Performance Doesn't Matter, Can That Be Right?
Writing for Humble Dollar, Adam Grossman took a look at some of the investing tenets that underlie the Permanent Portfolio. We've looked at the Permanent Portfolio many times over the years for what it teaches about managing risk. The Permanent Portfolio was devised by Harry Browne back in the 1970's and it called for equal, 25% allocations to stocks, long bonds, gold and cash (or cash proxy). The big idea was that no matter how bad it got, at least one of the four would be going up which would mute losses versus something like a 60/40 stock/bond portfolio.
Grossman explored a little more of what Browne might have been thinking about when he created the portfolio, encouraging investors to ask themselves five questions.
- How much risk can you afford to take?
- How much risk do you need to take?
- How much risk are you willing to take?
- How much do you care about keeping up with the market?
- How important is it to accumulate the absolute maximum number of dollars?
I am most interested in the fourth question about keeping up with the market. Grossman notes that the more you diversify, the greater the difference between the benchmark indexes like the S&P 500 and your portfolio. Someone actually following the Permanent Portfolio to a T will have a much different return stream than the S&P 500 because only 1/4 of their portfolio would be in stocks. In years like 2018 that might be a good thing but in 2019 that might be a bad thing. In reality it would neither be good or bad, the context of that last sentence was about the emotional response to being up much less than the equity market one year for having so little exposure to it.
Grossman appears to be saying that keeping up with the benchmarks is not very important when considered against "the peace of mind that comes with greater diversification." He's not wrong but I don't totally agree. Without question, a path that gets you to a dollar amount that makes what you want your retirement to be a possibility is more important than performance compared to a benchmark. If you've done some good planning and determine you need $900,000 at age 65 and you get there at 63 or 64 then it doesn't matter whether you outperformed or underperformed, how often you beat the market or lagged, all that matters is that you have a dollar amount that should be workable.
All that is where I agree with Grossman about relative performance.

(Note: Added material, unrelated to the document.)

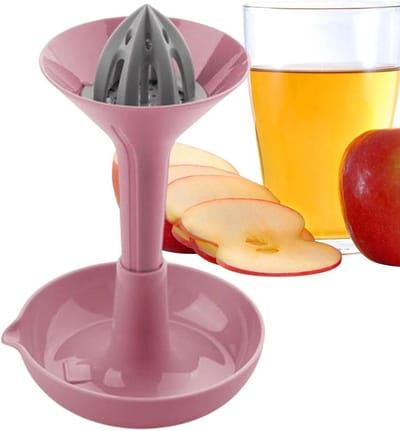 Handmatige Sapcentrifuge - Citruspers Keuken - Sap Maken - Groothoek Ontwerp - 135 x 21 x 135 cm - Roze
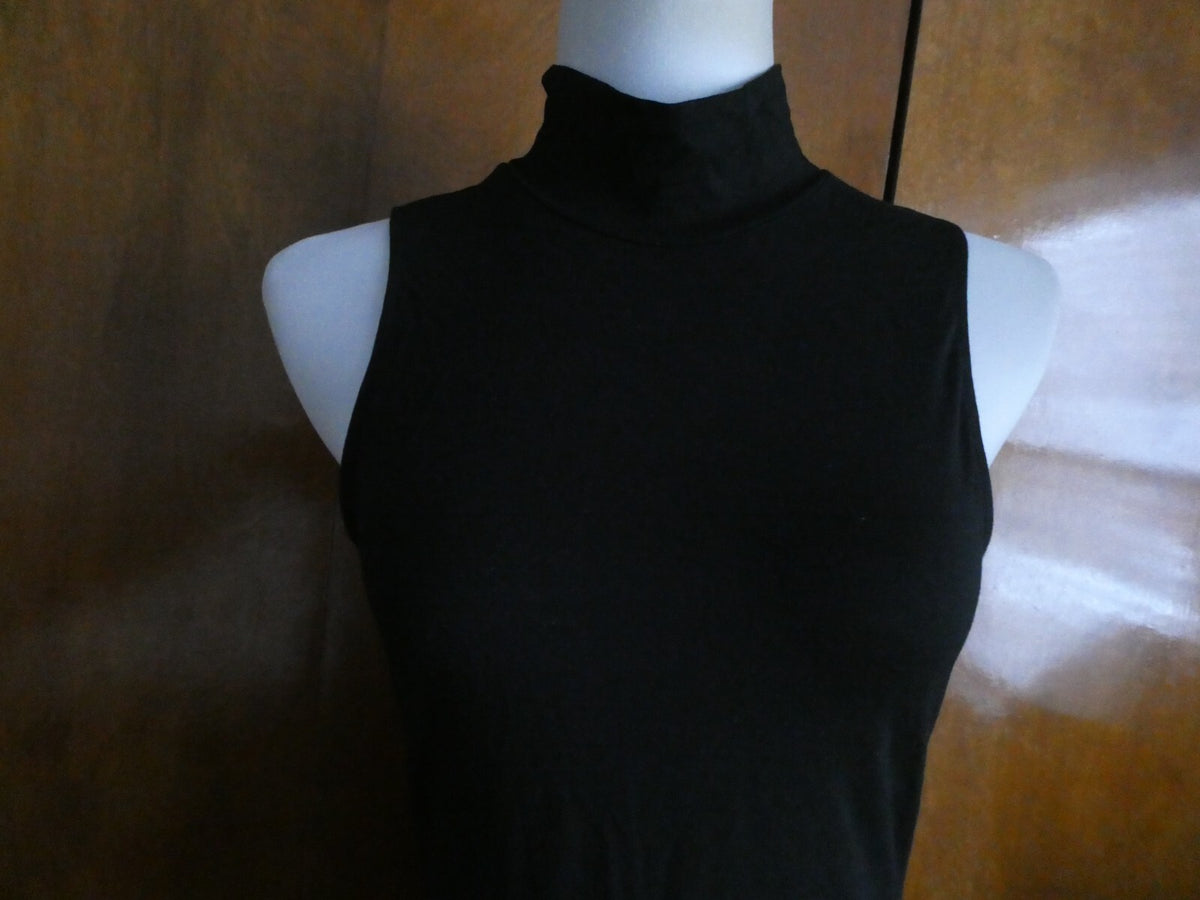 Anthropologie little black bodysuit women's rayon size Large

If he is saying that relative performance plays no role in market participation, I would disagree with that. According to Yahoo Finance, the S&P 500 is up 25% this year on a price basis. A one year gain of more than 20% is up a lot and up a lot, up that much doesn't come along that often and you can't afford to miss out on years like 2019 if your financial plan relies on growth from the stock market.
It is not crucial, IMO, to keep up with the market or beat it, just not miss. If the equity portion of a portfolio is up 20% in an up 25% world, I don't think that is a miss. The market is up a lot and a gain of 20% is a lot. I would say that a 5% gain for the equity portion of a portfolio compared to a 25% gain for the market would be a miss. The fulcrum for this idea is certainly debatable but if the equity market is up a lot and you look at your portfolio and think it is up a lot then you probably haven't missed out.
The simplest culprits to point out are mistakes and emotions. A mistake could include putting too much into a lottery ticket biotech stock. Ten or 11 years ago a reader shared that he put 25% of his portfolio into a company working on a drug for migraine headaches and it imploded. If you took an 80% hit on a stock with a 25% portfolio weighting then you'd have missed out on this year's up a lot. There are all sorts of emotions that result in bad behaviors like selling out when there's no need to do so. Ten years ago some large number of the population thought President Obama would not be good for markets. Love him or hate him, the market skyrocketed. Three years ago some other large number of the population thought President Trump would not be good for markets and while it might be too early for "skyrocketed," love him or hate him, the market is up a lot. I make this point all the time, leave your politics out of your investing. If you didn't like Obama, then the market went up when it shouldn't have. If you don't like Trump, then the market is going up when it shouldn't. There are countless instances in market history when the market has gone up when it shouldn't.
This is just one example of why my investment process relies on price action, not guessing on when political issues or economic data points will matter. At some point, markets will rollover and that could be for political reasons or economic reasons or other reasons, it won't matter why, all that will matter is the discipline to stick to strategy.